The Ernies include fun humor in their songs, such as "It's Digestible" and "You Are Everywhere," but Will's literary influences come through as well. Will explains, "I was fascinated with the Modernists of the early 20th century because they were always breaking away from traditions in poetry. They still utilized traditions, but they would get creative with forms. My favorite poet was T.S. Elliot. In his epic poem, The Wasteland, he created a poetic mosaic with a bunch of different styles. He made allusions from classical and Western culture and to different works and how they all came together. When it comes to our music, I think Modernist thought influenced me the most. There are traditional forms in music, but the way music is now, a band can easily take bits and pieces from different styles and put them together. That is a big part of what we have done with our music."
Living in Richmond made musical assimilation more natural as well. Will continues, "Richmond is such a crazy town because it is so cultural diverse. It is right smack in the middle of the East Coast, so it is Southern in a lot of ways. It is also right on the I-95, so it has this link between New York and DC. Both hip-hop from NY and go-go from DC are big here. Plus, VCU is primarily an art school so there is a lot of creativity coming out of there. Three of us in the band actually live within a block from the school."
The Ernies mix different genre elements in their songs, but there is also a high level of energy throughout the album. Considering the roots of their energetic drive, Will responds, "I don't know if it's anger in our music as much as intensity. Life is an intense experience, and there are points that I want to drive home, like the idea of prioritizing that's happening in the present."
In addition to being one of the few bands to citing literary influences as significant to their music, the band also cites philosophy. "I am into examining the common threads between science and Buddhism," explains Will, who almost earned a minor in Philosophy. "There are thousands of books on the subject, like the Tao of Physics. They show how both science and Buddhism accept the principle of looking at what is happening right here and now because that is where one should base all other assumptions. Most people are either stuck on the past or the future when they should focus on the present. You can watch your thoughts from your past as they go through your mind, but you need to let it go instead of holding on to it and forcing it upon the reality of what's going on right now. This is the main motif that goes through all the lyrics on the album."

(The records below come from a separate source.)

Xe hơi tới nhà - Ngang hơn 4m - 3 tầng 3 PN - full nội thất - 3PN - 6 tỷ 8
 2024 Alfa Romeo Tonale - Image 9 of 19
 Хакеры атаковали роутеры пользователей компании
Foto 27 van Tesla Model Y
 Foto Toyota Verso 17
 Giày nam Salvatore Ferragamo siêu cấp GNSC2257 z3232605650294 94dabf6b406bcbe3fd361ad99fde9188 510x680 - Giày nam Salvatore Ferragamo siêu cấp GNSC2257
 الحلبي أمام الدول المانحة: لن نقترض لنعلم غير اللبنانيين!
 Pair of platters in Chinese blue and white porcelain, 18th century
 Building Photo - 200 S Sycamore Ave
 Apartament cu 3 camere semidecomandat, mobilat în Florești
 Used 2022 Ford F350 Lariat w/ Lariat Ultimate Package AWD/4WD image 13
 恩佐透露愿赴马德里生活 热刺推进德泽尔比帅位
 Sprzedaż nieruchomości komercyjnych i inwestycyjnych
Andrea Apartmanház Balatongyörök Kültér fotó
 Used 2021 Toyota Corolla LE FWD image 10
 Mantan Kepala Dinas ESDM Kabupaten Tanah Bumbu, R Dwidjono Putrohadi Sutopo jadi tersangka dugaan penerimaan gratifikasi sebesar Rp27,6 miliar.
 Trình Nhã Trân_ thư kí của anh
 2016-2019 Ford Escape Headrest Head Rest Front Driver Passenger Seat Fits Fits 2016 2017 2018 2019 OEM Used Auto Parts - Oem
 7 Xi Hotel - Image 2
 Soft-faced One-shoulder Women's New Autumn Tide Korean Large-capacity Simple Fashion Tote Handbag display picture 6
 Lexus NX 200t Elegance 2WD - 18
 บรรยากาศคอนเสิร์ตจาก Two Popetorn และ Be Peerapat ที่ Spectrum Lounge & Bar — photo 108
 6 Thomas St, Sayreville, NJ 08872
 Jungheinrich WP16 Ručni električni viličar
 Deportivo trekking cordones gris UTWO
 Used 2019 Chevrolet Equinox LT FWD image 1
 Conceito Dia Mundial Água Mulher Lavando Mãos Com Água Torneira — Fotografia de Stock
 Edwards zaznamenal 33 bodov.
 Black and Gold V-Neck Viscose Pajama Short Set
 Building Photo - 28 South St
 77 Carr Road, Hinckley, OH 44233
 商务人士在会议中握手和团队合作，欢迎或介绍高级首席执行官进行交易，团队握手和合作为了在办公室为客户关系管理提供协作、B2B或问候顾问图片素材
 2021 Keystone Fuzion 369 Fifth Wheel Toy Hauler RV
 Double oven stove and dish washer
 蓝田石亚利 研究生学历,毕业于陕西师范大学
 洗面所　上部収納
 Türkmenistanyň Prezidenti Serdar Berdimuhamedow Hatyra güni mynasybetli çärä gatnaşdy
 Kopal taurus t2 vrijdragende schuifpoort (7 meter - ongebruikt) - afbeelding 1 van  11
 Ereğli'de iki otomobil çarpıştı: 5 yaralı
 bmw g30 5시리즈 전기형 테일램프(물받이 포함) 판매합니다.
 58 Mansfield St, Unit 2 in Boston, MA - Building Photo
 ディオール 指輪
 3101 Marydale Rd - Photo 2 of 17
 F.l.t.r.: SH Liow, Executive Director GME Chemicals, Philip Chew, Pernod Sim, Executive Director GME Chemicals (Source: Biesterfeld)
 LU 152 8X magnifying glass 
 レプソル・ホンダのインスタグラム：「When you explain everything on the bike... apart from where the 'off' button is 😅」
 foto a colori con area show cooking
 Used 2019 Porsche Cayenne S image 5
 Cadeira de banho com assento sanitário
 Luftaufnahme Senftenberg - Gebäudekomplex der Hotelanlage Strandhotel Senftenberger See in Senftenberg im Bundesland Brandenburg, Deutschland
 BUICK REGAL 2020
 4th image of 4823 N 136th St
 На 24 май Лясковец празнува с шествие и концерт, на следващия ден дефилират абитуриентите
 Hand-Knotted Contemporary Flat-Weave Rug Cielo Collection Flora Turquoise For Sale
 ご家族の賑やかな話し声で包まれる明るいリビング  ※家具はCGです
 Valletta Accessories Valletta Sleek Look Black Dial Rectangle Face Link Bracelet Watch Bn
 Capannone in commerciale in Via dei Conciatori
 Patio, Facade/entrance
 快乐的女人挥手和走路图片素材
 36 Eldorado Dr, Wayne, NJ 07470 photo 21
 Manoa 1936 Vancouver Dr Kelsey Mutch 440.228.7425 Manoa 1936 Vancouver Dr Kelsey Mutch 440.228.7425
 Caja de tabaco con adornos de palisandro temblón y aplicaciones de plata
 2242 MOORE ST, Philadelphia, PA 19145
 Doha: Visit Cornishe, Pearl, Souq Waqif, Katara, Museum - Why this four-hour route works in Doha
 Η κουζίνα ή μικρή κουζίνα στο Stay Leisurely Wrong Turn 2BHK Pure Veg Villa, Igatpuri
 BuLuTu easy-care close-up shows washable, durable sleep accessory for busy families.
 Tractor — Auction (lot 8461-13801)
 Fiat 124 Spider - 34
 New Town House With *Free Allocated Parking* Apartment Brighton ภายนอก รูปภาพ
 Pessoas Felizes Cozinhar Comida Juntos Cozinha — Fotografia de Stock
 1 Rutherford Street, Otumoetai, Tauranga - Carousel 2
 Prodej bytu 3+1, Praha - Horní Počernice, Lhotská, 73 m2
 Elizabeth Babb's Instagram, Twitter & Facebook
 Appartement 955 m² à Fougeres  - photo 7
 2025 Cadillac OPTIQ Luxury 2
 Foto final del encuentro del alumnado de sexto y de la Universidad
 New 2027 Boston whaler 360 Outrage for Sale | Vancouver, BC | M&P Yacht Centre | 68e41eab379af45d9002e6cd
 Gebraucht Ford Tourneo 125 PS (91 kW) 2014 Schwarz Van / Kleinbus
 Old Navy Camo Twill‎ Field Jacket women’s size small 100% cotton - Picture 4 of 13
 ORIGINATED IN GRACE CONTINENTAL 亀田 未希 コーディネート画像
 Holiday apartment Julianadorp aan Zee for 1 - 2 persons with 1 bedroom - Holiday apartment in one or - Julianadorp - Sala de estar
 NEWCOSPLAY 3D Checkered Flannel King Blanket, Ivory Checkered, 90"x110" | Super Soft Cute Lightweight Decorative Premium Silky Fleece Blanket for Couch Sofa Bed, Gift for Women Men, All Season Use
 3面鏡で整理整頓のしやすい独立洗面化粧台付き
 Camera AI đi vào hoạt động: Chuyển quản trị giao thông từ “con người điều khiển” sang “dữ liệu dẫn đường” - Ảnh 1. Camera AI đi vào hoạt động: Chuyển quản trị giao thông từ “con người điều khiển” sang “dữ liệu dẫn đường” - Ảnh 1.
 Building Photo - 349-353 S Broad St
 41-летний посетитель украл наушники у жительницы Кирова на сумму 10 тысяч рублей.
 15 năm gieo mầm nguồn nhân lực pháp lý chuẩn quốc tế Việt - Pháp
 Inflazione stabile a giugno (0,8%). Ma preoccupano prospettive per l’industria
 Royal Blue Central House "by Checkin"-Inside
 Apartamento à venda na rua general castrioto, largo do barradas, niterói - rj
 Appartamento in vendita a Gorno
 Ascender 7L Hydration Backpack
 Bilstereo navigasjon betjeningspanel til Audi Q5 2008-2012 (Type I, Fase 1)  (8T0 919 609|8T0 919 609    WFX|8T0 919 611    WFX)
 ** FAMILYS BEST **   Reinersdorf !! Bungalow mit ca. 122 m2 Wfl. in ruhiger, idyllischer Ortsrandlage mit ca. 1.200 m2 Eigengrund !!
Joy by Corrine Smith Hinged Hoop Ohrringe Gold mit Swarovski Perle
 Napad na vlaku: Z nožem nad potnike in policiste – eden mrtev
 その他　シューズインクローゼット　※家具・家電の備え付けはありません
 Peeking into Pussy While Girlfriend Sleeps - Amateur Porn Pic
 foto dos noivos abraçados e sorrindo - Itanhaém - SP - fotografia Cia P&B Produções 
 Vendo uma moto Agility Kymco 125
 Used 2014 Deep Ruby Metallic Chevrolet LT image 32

The Ernies previously released two independent albums which were more ska and rock. Going into the second album, The Ernies incorporated more hip-hop and reggae, which was a solid precursor to the multi-dimensional sound they feature now on their Mojo debut, Meson Rey. Mojo Records, who have an amazing track record with Goldfinger, Reel Big Fish, and Cherry Poppin' Daddies, are the perfect label to help the Ernies expand beyond their Virginia dominance, as they should. The all-ages ska/punk scene is evolving, and the Ernies' fuller sound and more thought-out approach should keep them on the edge for years to come.